I slip out of bed in the dark. It’s 6:30 AM and I’m ready to go. I tip-toe past the second bedroom where, this week at least, one of our exhausted kids sleeps. I switch on the stairway light and descend, breathing in Ruby’s sometimes-acrid night scent which floats up through the wood slats from her stairwell cubby. Ruby is not a morning dog. She looks askance at me as I pass by, not budging.
What is the one thing you must have on a farm? An early bird, a morning person to get up and start the coffee and the fire in the wood stove, let the cat out of the hut, fetch the newspaper and most important, open the chicken coop. On our farmlet, that’s me.
I’m not an Extreme morning person. That would be the Bearded One’s farmer parents and his rancher brother, folk who are excited about a full breakfast with meat at the crack of dawn. The Bearded One is not this. He is, in fact, an Extreme night person, a night owl as opposed to a lark. The chicken is on the lark’s schedule.
Chickens need 14 hours of light to lay eggs, so farmers often supplement these short winter days with white lights on a timer. We’ll probably be there in a couple of months, but for now all the chicks are just 12 weeks old and Kimber hasn’t even weaned her brood yet. With no adult rooster around, it’s not exactly clear that she’s going to.
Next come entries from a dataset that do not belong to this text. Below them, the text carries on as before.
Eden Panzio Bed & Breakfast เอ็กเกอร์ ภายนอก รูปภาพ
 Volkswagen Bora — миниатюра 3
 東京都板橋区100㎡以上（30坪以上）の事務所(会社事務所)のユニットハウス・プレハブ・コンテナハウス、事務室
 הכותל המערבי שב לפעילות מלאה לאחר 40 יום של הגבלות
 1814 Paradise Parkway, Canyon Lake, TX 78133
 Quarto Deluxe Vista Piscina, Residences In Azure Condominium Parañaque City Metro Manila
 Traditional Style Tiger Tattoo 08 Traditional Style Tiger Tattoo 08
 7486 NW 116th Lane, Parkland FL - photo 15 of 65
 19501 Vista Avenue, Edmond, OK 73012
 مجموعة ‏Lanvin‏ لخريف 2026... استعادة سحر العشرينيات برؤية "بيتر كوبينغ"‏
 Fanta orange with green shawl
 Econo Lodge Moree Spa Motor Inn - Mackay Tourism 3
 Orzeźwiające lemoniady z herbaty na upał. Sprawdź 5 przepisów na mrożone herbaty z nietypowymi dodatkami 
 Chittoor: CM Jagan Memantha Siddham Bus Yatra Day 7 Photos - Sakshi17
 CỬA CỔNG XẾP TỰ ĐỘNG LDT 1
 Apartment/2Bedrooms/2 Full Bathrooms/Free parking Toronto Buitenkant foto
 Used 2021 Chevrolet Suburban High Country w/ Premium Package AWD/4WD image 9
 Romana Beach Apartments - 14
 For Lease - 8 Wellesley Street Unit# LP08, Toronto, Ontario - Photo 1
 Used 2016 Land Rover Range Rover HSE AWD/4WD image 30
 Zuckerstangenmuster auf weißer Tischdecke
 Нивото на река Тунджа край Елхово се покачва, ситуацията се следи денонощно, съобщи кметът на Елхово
The Five, as we call the full-sized breeds we got most recently, sleep on the top roost. When they go to bed at night, they jostle for position. The prime spot is the center, and Leah, the little Rhode Island Red, will crawl right over the top of any of the others to claim it every night. She is most often flanked by the two Wyandottes, Danielle and Anna. Jane and Cheetah, the Ameraucanas who are as big as Kimber now, anchor the ends. Although sometimes Jane makes it into an inner spot, Cheetah never does. She is the biggest chicken we have, but she lacks personal power.
Kimber and the Seven Chicks, including the only two obvious roosters, Steve and Tux, all cram into one or sometimes now two nest boxes, and it’s lights out.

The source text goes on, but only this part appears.